It is 10:32pm as I start typing this out and it felt like Monday just swept away time just like that.
In the morning, I woke up before the alarm but waited for a couple of snoozes before I really got up from bed to start my day.
I have been working on a lot of cleaning up, clearing spaces and moving stuff here and there. I feel like I want the entire space I am in to breathe. For the air to just keep flowing and for all the natural light be able to come in. For my whole body be able to move around the house smoothly.
The weather is slowly getting warmer. I had put the heater back in its box and in my brain, I am scheduling the packing of the winter clothes and choosing on the spring/summer wardrobe from what I already have.
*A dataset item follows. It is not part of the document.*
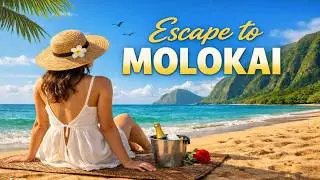 Romantic Getaways in Molokai: Escape to Hawaii&rsquo;s Most Peaceful Island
The rest would either have to go or be thrown. I intend to just keep a few winter clothes as I still enjoy shopping at the secondhand shops for seasonal clothes.
Today's routine was kept as it is. Reading and writing in the morning, breakfast, gym workout, laundry, checking of schedule, work, going home, clean up at home, prep for tomorrow's early morning practice driving and more practice alone. More work tomorrow too. Hahaha.
Of the three major things I had set a goal for this year, the car and the piano are here by the first quarter. The paraglide could wait. Maybe before my birthday. Hahaha.
Then, I am set to resume of the #RoadtoMasters. I know I have to get back to it.
A few things to add to my night routine:
Lather coconut oil on the tips of my hair.--- my hair is sooooo dry, sometimes also flaky and just feeling so not happy :( I have been trying to research on how to revive it and for now, what I have are the apple cider vinegar for the dandruff and the coconut oil for the dryness. I just need to be consistent.
Face Mask in the evening before creams.-- it had been sitting by the dresser unused and my skin had been so dry because of neglect. Might as well, use the ones I have that I know my skin would love.
The days and nights are calm. There is still that inner longing to spend the days and nights with someone, but I am getting by my own, in a functional way. So far, so good.
My period is upcoming, thus the emo shits overflowing here and there. I haven't cried just yet and I seem to be handling myself pretty well. There is that inside me building up and I can only hope that nothing would trigger it to spill to a river of tears anytime soon.